• **INPUT RECORDS**
[Start of Attachment]

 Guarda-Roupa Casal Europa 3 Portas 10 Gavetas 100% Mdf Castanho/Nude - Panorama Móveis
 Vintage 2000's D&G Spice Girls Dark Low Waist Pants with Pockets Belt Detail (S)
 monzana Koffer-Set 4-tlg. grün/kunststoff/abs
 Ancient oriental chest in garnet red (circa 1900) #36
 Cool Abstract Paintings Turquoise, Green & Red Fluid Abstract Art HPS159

[End of Attachment]
[Start of Attachment]

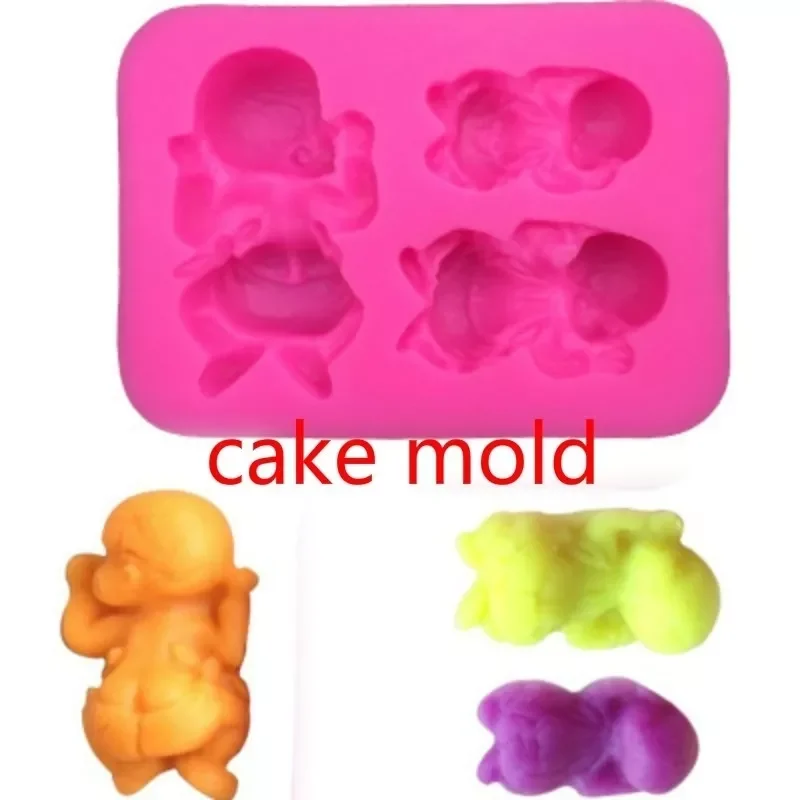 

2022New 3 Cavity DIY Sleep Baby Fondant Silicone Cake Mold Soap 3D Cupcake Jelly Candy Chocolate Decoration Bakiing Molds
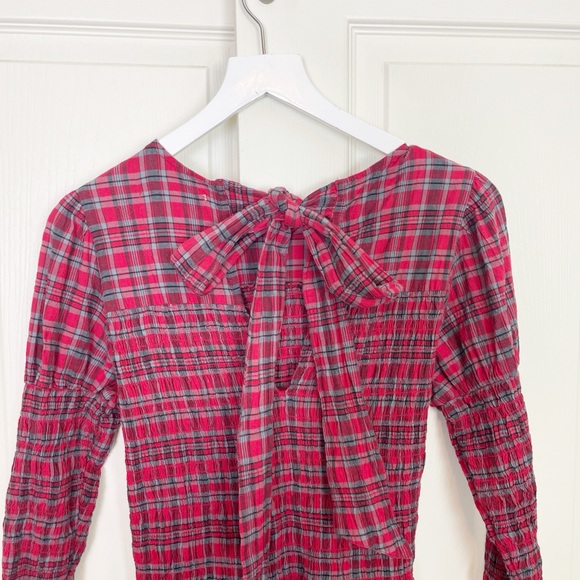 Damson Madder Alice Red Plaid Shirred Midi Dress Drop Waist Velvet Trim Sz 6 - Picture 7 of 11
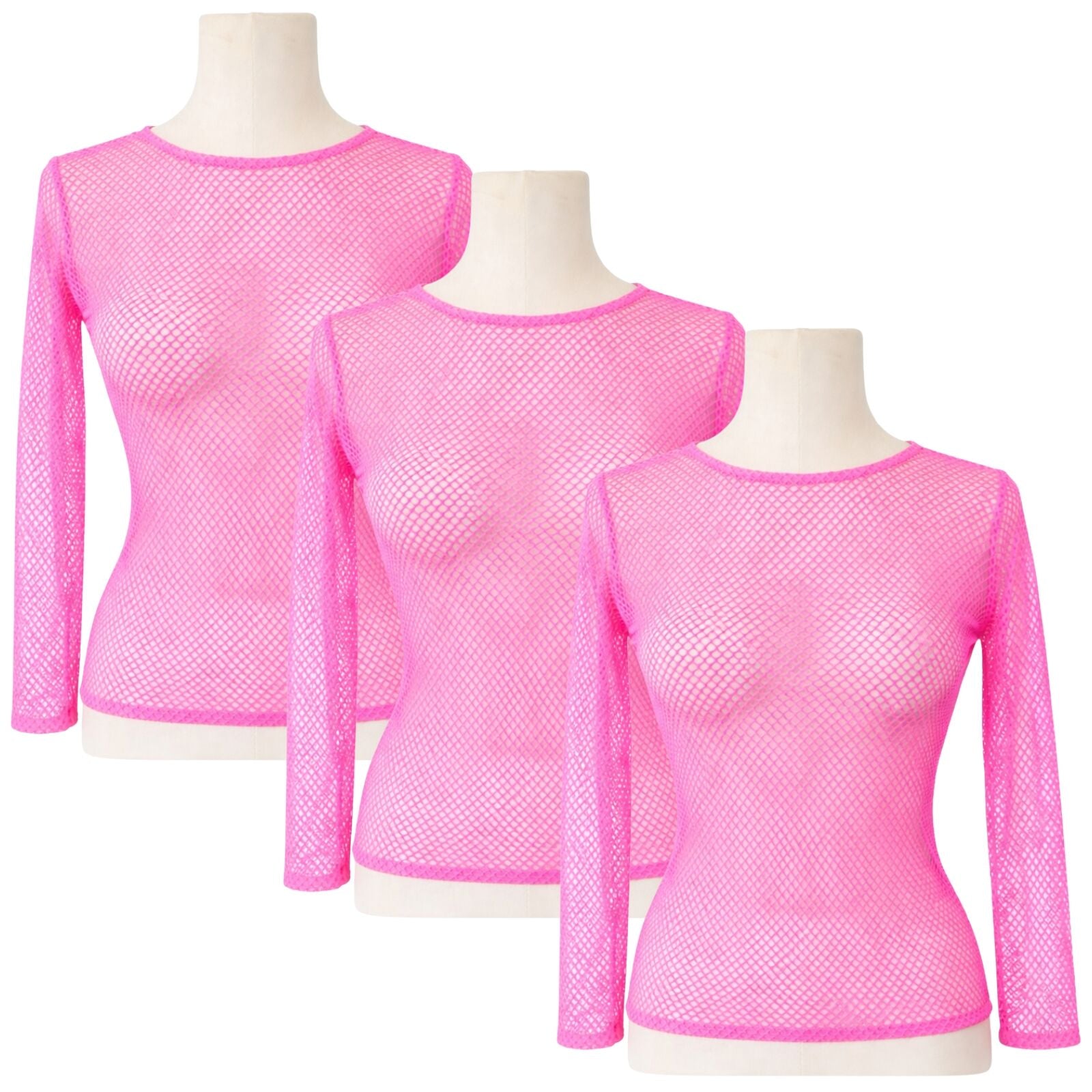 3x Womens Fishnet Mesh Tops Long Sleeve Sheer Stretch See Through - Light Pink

[End of Attachment]
[Start of Attachment]

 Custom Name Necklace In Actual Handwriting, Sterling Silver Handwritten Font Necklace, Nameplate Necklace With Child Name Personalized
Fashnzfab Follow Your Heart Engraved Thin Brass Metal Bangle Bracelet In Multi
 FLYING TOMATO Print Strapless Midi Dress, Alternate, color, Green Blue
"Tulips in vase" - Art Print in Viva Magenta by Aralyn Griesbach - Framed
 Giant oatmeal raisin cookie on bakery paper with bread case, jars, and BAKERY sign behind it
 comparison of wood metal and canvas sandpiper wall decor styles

[End of Attachment]

• **ABOUT THIS TASK**
Reproduce only the lines above, starting at the line with "Guarda-Roupa Casal Europa" and ending at the line with "Cool Abstract Paintings", exactly as written.

• **RESPONSE TO THIS EXERCISE**
 Guarda-Roupa Casal Europa 3 Portas 10 Gavetas 100% Mdf Castanho/Nude - Panorama Móveis
 Vintage 2000's D&G Spice Girls Dark Low Waist Pants with Pockets Belt Detail (S)
 monzana Koffer-Set 4-tlg. grün/kunststoff/abs
 Ancient oriental chest in garnet red (circa 1900) #36
 Cool Abstract Paintings Turquoise, Green & Red Fluid Abstract Art HPS159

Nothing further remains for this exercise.